SLSD test has been commonly used for evaluations of neuromuscular control, screening for injury prevention, appraising athletic injuries, functionality, and endurance of the lower limb for involving repetitive eccentric and concentric contractions of the quadriceps [20, 29, 30]. However, we found no studies that correlated the performance during SLSDs tests and muscle strength between DL and NDL in professional soccer players. Our results showed a positive correlation between the performance during SLSDs tests and MVIC. Some studies observed a vastus medialis activity equal to 27 ± 12% MVIC and a vastus lateralis activity of 32 ± 3% MVIC during SLSDs tests [29, 31]. During the SLSD test occurs an eccentric contraction of the quadriceps demanding greater vastus medialis activity for control the excursion of the body’s center of mass over a single leg [29]. However, it has been observed that concentric contractions produce greater activity than eccentric contractions for both the vastus lateralis and the vastus medialis during the SLSD test [31]. Thus, it is suggested that the number of motor units and frequency of activation of those motor units is less for eccentric contraction than for concentric contraction [32, 33]. This result is mainly attributed to economical tension development which might be a result of better utilization of elastic energy it takes to step up against gravity (concentric phase) [31]. In addition, it is important to mention that the hip abductor muscles contribute to a pelvis and lower limb stability by eccentric control during weight-bearing activities [30, 34]. On the other hand, significant strength deficits during the SLSD test contribute with a lower extremity kinematic pattern consisting of hip adduction, internal rotation, and knee valgus. Consequently, it has been proposed that strength deficits and biomechanics changes increase the risk factor for patellofemoral pain syndrome, iliotibial band friction syndrome and anterior cruciate ligament injury [12, 20, 34, 35]. Thus, the SLSD test may be a simple/economic method in clinical practice for evaluating muscle strength for presenting a positive correlation with MVIC.

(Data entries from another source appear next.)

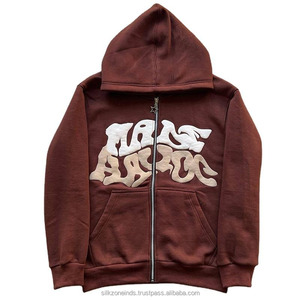 OEM personalizado Unisex de gran tamaño pulóver Sudadera con capucha otoño polar algodón poliéster hombres mujeres logotipo personalizado diseño de diamantes de imitación - Product Image 3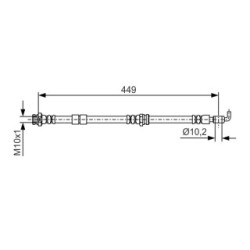 Brake Hose BOSCH 1987481722 OE Ref EG23-43-980B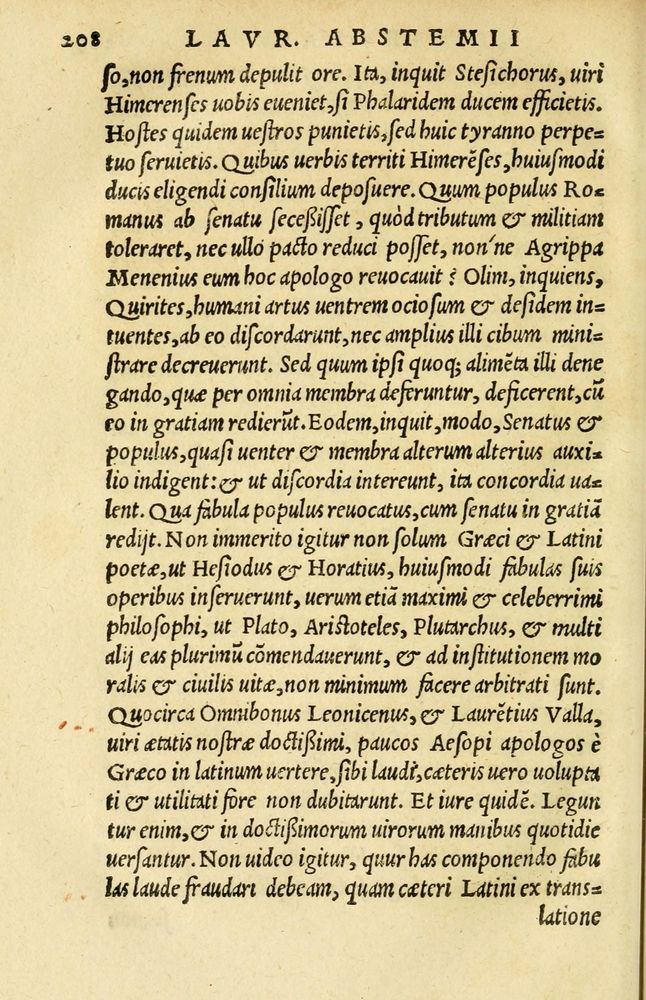 Scan 0182 of Aesopi Phrygis et aliorum fabulae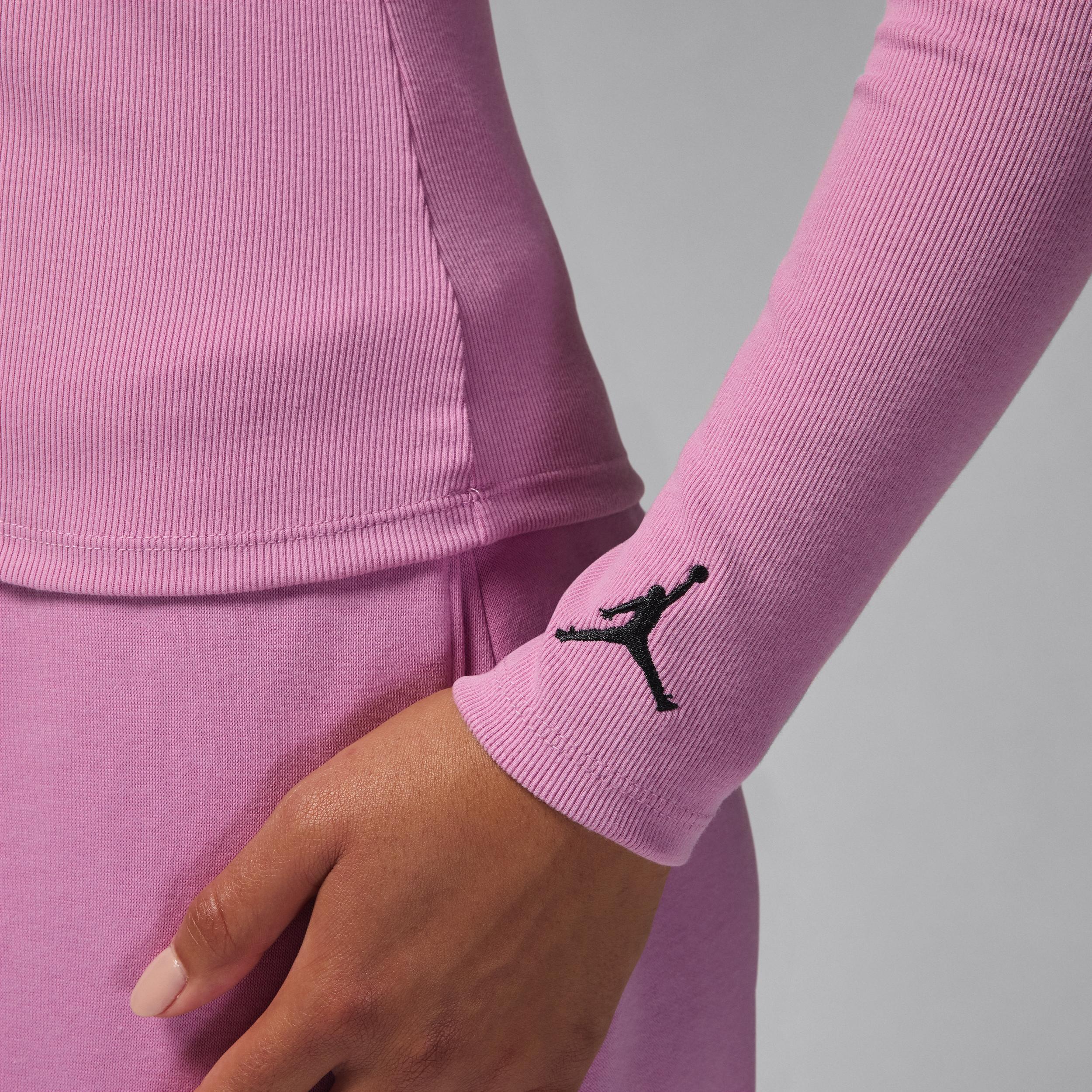 Jordan Women's Long-Sleeve Knit Top Product Image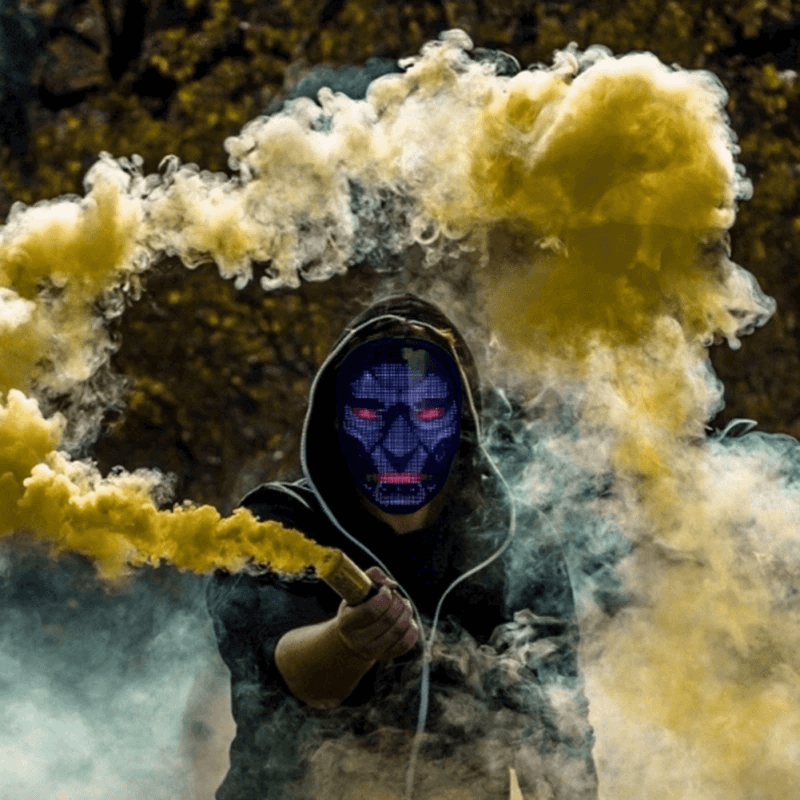Vikbua™ Smart LED-maske som skifter ansikt med bevegelse og musikk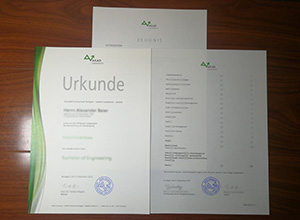 AKAD University Urkunde and transcript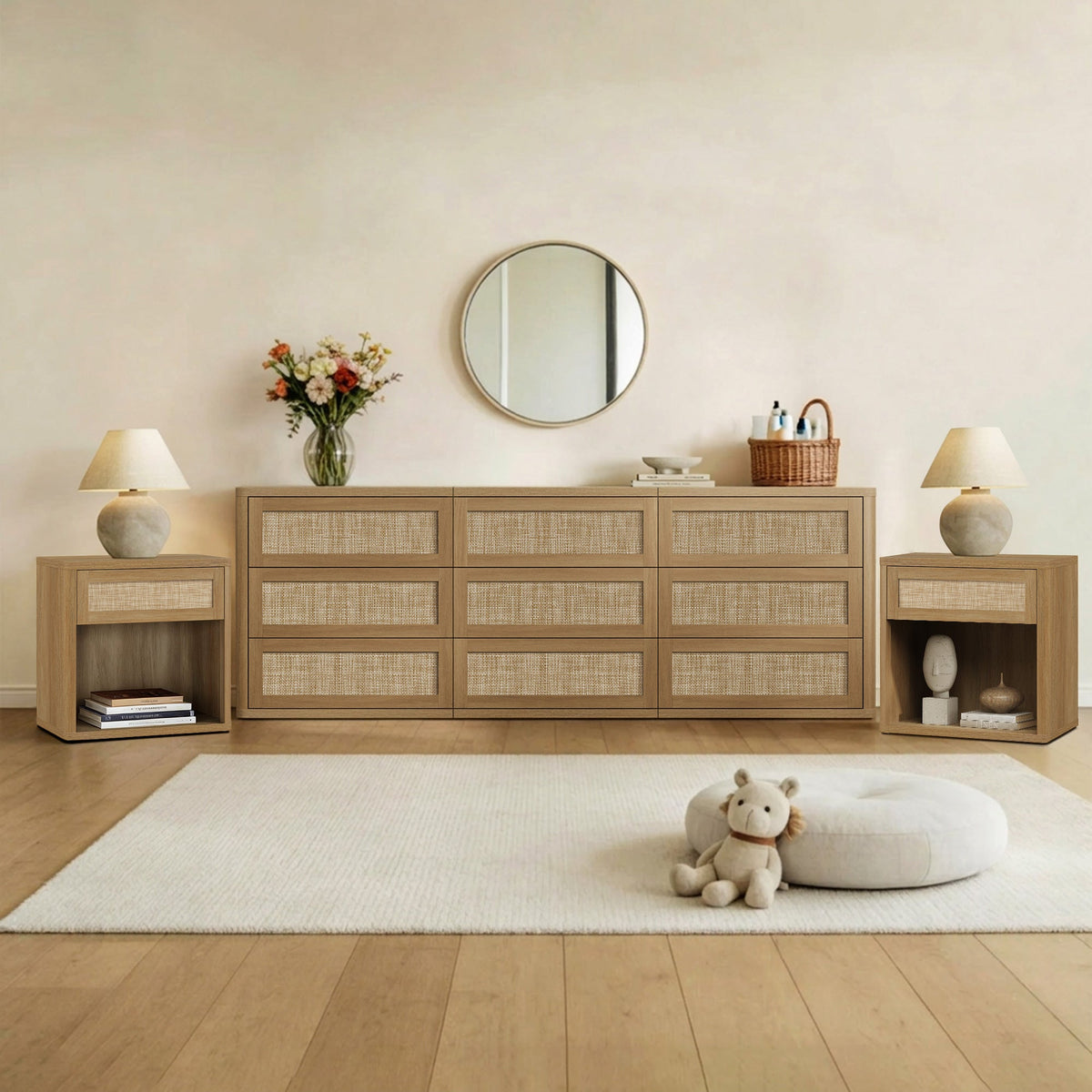 Zura Sectional Bedroom Sets, Large Storage for Bedroom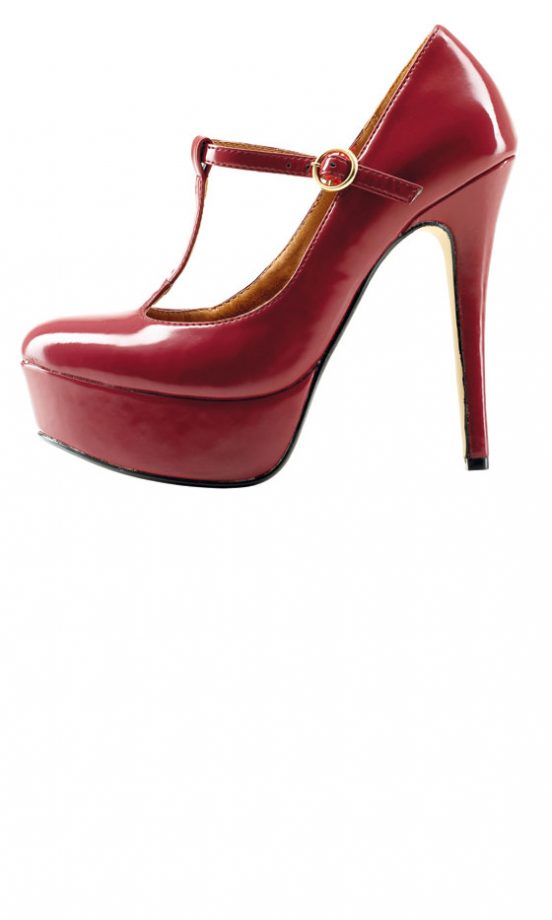 New Look T-Bar Court Shoes, £27.99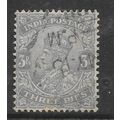 INDIA 1911 3p GREEN SG 152 FINE USED#4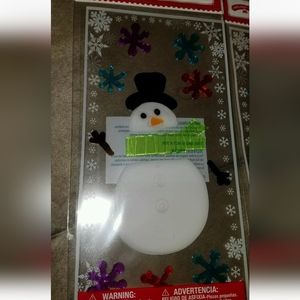2 Sheets Of Christmas Window Gel Clings NEW ****SNOWMAN****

The limitation of the study is the absence of measures of physiological parameters of physical exertion, which would be interesting; this yet does not affect the answer to the study question. However, our sample was homogeneous although longitudinal studies are needed to define a cause-and-effect relationship among training sessions, strength muscle, physiological adaptations, and bilateral deficit in professional soccer players.

Conclusion

The results of this investigation confirm that DL shows greater isometric strength than NDL. On the hand other, NDL revealed an increase in the total work and power output in professional soccer players. Furthermore, the use of the SLSD test is recommended because it proved to be a good method for evaluating muscle strength by a positive correlation with MVIC. Thus, these assessments may be a helpful for coaches, physicians and physical therapists regarding neuromuscular performance, injury prevention and recovery strategies.